Suasana akademis yang intens menyelimuti gedung rektorat Universitas Negeri
Surabaya (UNESA) pada 23 November 2025. Di sana, dalam ruang kuliah Metode
Penelitian Seni Pertunjukan yang diampu oleh Prof. Dr. H. Setya Yuwana, M.A., para mahasiswa S3 Pendidikan Seni
tengah menyampaikan pokok-pokok pikiran mereka. Salah satu gagasan yang menarik
perhatian dilontarkan oleh Muhammad
Sirojul Muniir, mahasiswa dari Batu, Malang, yang menggarisbawahi
pentingnya pertunjukan agraris sebagai pondasi kebijakan kebudayaan.
Negara
kepulauan Indonesia, yang secara historis memiliki akar yang kuat dalam sektor
agraris, menyimpan khazanah budaya yang tak terpisahkan dari siklus kehidupan
pertanian. Di tengah deru globalisasi dan arus modernisasi yang kerap mengikis
tradisi, pertunjukan agraris—yang
mencakup semua bentuk seni, ritual, dan perayaan yang tumbuh dari interaksi
manusia dengan alam, serta siklus tanam dan panen—tidak lagi sekadar dipandang
sebagai hiburan sesaat atau warisan usang. Sebaliknya, Muniir menekankan bahwa ornamentasi atau pengayaan serta
penempatan strategis pertunjukan-pertunjukan ini dalam bingkai kebijakan
kebudayaan nasional dapat menjelma menjadi landasan yang sangat kokoh bagi arah
kebudayaan Indonesia di masa depan. Fokusnya bukan sekadar pada aksi
pelestarian tarian sawah atau upacara bersih desa, melainkan pada pengakuan dan
pemanfaatan daya rekat filosofis dan kultural mendalam yang terkandung di
dalamnya.
Meresapi Kedalaman Filosofis dalam Setiap Gerak dan
Ritual
Pertunjukan
agraris menyimpan kedalaman makna yang luar biasa, berabad-abad diwariskan dari
generasi ke generasi. Di dalamnya terajut erat kearifan lokal yang bertindak sebagai pemandu dalam mengatur
hubungan yang harmonis antara entitas manusia, alam, dan kekuatan Tuhan.

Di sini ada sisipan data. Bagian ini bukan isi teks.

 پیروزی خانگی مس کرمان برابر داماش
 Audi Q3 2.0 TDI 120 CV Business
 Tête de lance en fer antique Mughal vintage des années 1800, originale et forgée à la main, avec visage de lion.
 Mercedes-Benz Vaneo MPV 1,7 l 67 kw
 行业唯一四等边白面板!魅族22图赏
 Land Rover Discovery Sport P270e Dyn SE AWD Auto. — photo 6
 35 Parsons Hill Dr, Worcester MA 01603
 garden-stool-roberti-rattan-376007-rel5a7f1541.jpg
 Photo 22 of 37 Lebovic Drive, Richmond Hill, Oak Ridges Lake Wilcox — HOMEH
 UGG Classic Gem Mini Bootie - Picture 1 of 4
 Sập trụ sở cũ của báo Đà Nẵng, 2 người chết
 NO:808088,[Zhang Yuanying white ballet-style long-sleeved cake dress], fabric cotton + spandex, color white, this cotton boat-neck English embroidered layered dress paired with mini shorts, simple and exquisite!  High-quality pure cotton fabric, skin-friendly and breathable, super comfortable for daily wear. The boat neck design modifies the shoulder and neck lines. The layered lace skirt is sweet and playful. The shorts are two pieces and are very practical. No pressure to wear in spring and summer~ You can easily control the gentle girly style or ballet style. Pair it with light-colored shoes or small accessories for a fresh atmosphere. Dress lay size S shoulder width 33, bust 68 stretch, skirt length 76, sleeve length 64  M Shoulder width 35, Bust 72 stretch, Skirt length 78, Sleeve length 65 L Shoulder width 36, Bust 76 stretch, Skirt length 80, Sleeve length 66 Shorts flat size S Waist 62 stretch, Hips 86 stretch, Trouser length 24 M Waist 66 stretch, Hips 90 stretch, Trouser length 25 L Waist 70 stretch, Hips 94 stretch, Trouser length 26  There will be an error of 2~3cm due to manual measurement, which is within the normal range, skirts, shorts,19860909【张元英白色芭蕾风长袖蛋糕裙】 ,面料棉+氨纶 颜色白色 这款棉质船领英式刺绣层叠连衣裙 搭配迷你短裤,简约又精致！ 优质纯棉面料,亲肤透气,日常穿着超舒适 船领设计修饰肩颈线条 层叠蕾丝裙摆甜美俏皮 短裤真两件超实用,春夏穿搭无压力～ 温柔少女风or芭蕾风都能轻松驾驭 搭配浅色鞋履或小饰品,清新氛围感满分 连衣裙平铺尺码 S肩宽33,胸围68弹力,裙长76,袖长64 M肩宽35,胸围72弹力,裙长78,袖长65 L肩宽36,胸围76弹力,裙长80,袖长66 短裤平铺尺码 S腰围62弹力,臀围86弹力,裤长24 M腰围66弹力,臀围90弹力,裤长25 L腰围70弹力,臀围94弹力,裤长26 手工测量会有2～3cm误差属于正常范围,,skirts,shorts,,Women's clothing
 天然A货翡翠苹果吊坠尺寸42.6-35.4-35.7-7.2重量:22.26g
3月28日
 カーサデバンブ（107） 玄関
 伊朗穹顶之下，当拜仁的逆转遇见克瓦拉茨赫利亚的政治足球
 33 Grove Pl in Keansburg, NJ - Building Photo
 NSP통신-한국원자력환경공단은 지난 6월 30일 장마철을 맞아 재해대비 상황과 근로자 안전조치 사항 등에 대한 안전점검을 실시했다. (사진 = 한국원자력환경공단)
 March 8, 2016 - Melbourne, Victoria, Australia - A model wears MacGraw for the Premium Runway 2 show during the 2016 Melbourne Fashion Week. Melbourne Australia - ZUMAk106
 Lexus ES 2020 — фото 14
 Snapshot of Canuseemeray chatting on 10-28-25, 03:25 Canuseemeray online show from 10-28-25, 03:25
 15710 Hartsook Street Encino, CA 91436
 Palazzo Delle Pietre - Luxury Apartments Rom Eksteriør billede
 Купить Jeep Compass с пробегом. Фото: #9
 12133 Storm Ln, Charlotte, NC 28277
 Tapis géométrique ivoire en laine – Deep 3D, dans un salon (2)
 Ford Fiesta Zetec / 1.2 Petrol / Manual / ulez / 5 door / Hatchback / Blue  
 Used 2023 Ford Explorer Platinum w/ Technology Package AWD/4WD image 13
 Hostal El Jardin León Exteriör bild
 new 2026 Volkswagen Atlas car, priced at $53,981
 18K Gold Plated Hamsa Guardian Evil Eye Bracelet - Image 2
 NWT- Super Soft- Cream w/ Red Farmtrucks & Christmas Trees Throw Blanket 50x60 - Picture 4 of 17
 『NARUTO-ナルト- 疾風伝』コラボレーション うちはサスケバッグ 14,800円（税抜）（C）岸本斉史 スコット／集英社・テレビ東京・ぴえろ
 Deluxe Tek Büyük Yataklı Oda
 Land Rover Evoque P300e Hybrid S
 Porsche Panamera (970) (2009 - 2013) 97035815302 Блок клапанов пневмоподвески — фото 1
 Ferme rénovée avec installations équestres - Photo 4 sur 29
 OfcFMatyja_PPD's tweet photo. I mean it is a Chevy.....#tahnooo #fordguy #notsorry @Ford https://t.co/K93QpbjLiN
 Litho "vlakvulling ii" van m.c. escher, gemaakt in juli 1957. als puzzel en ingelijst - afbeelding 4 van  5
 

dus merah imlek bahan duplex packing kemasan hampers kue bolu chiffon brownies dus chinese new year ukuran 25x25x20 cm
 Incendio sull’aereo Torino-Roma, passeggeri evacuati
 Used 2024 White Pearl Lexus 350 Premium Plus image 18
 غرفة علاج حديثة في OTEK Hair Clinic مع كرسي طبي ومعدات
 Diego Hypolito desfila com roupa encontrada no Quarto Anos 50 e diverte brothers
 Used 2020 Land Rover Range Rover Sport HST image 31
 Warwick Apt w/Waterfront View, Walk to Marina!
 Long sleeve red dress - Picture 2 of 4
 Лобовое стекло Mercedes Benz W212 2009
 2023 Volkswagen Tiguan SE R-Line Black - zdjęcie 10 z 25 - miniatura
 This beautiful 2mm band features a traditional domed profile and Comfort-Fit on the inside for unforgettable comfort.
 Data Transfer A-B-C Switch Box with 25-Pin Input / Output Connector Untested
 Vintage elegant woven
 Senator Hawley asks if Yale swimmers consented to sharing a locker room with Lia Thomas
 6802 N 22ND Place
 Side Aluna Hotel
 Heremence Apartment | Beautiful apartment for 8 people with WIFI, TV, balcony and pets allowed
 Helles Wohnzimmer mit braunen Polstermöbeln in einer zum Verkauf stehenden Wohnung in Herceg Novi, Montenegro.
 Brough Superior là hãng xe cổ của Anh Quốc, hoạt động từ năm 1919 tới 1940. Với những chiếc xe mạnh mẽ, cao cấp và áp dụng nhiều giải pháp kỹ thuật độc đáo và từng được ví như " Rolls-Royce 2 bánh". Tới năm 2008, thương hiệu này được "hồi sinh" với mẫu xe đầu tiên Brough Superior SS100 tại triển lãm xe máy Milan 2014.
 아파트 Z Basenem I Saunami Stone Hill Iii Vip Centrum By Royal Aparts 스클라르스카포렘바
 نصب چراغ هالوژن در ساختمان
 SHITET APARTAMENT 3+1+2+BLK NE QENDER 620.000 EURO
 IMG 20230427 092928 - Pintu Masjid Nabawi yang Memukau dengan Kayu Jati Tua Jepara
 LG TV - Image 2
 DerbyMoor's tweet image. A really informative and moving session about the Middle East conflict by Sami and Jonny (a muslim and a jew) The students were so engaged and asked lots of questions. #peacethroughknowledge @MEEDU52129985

Sebagai ilustrasi, kita dapat menyaksikan tarian penyambutan panen atau
berbagai ritual penolak hama. Setiap gerakan yang diekspresikan, setiap irama
yang dimainkan, dan setiap narasi yang dibawakan adalah cerminan hidup dari etika lingkungan yang menjunjung
tinggi prinsip keseimbangan ekologis, rasa syukur yang mendalam, dan kesadaran
penuh akan keterbatasan sumber daya alam.
Secara
filosofis, pertunjukan-pertunjukan ini berfungsi sebagai representasi kosmos petani yang utuh.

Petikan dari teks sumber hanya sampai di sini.